__TASK__
Only the pictures should be dropped; copy the rest of the entries exactly.

__EXTRACTED DATA__
━━━━━━
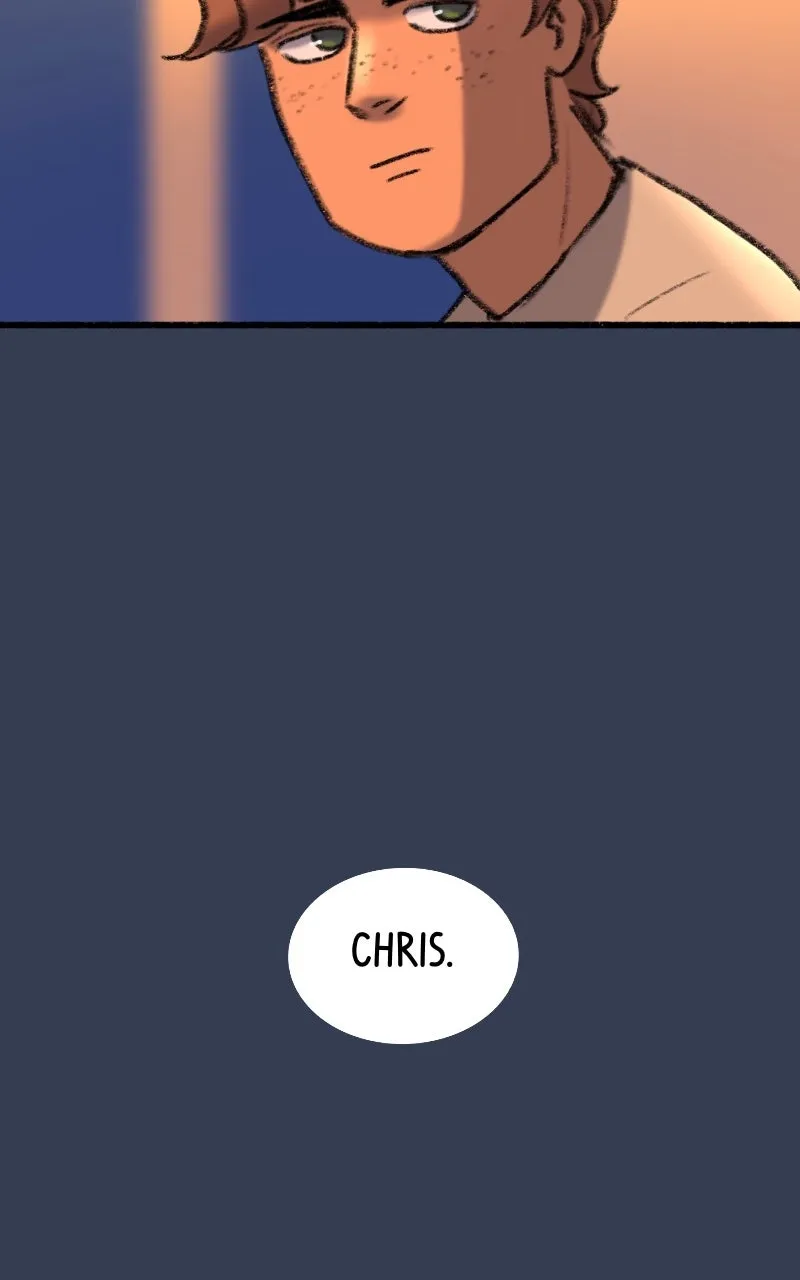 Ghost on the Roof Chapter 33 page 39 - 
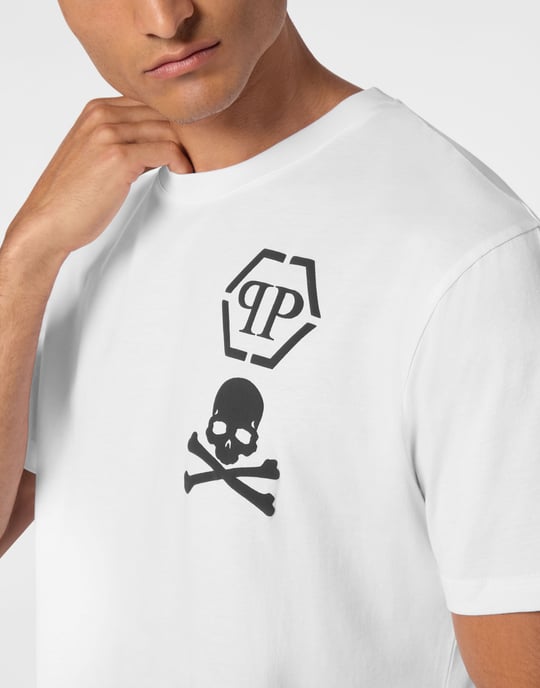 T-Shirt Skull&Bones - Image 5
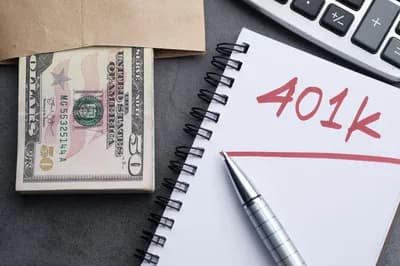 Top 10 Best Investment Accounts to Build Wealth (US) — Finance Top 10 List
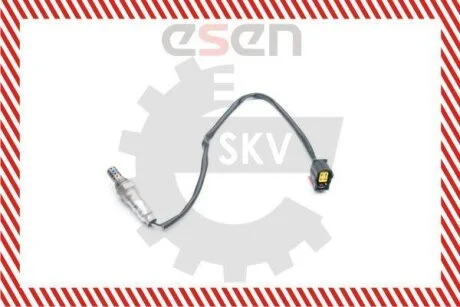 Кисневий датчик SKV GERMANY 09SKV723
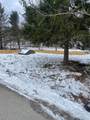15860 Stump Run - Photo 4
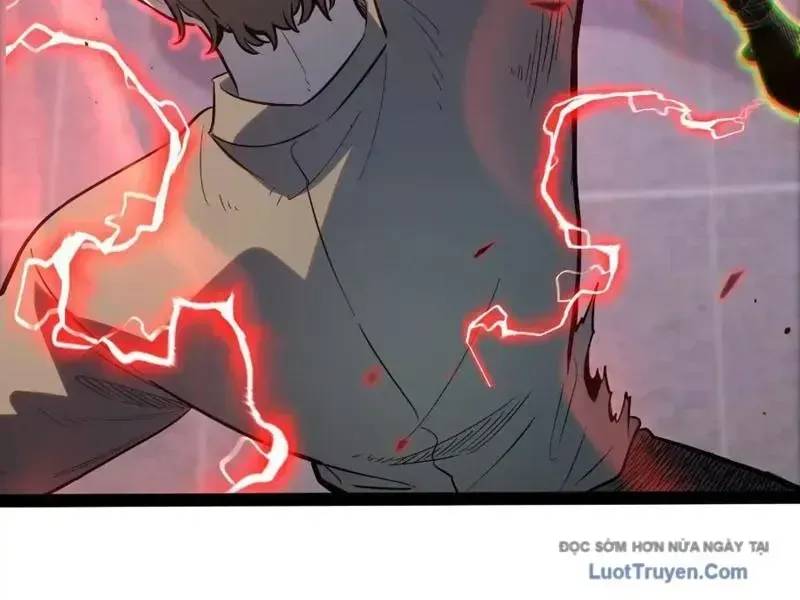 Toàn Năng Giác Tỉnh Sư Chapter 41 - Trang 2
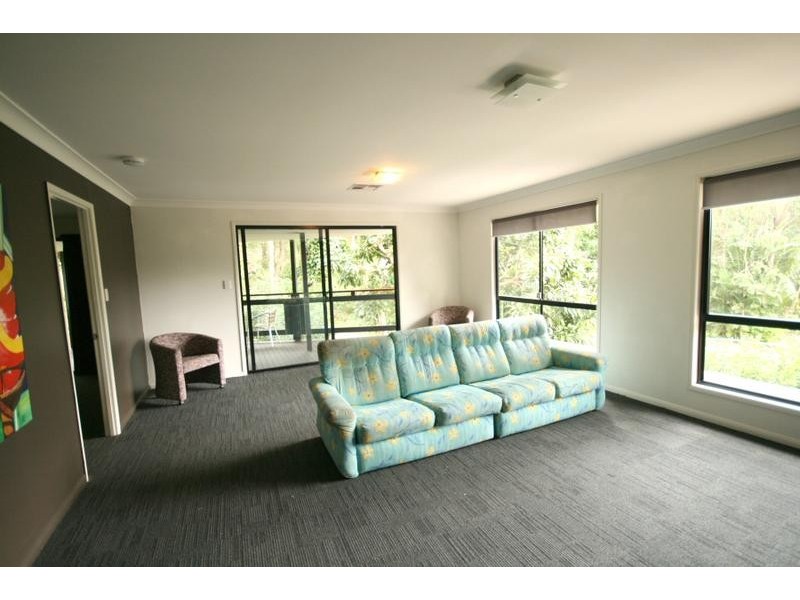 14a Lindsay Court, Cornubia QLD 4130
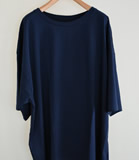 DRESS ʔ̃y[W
━━━━━━
__SOLUTION TO THE EXERCISE__
 Ghost on the Roof Chapter 33 page 39 - 
 T-Shirt Skull&Bones - Image 5
 Top 10 Best Investment Accounts to Build Wealth (US) — Finance Top 10 List
 Кисневий датчик SKV GERMANY 09SKV723
15860 Stump Run - Photo 4
 Toàn Năng Giác Tỉnh Sư Chapter 41 - Trang 2
 14a Lindsay Court, Cornubia QLD 4130
 DRESS ʔ̃y[W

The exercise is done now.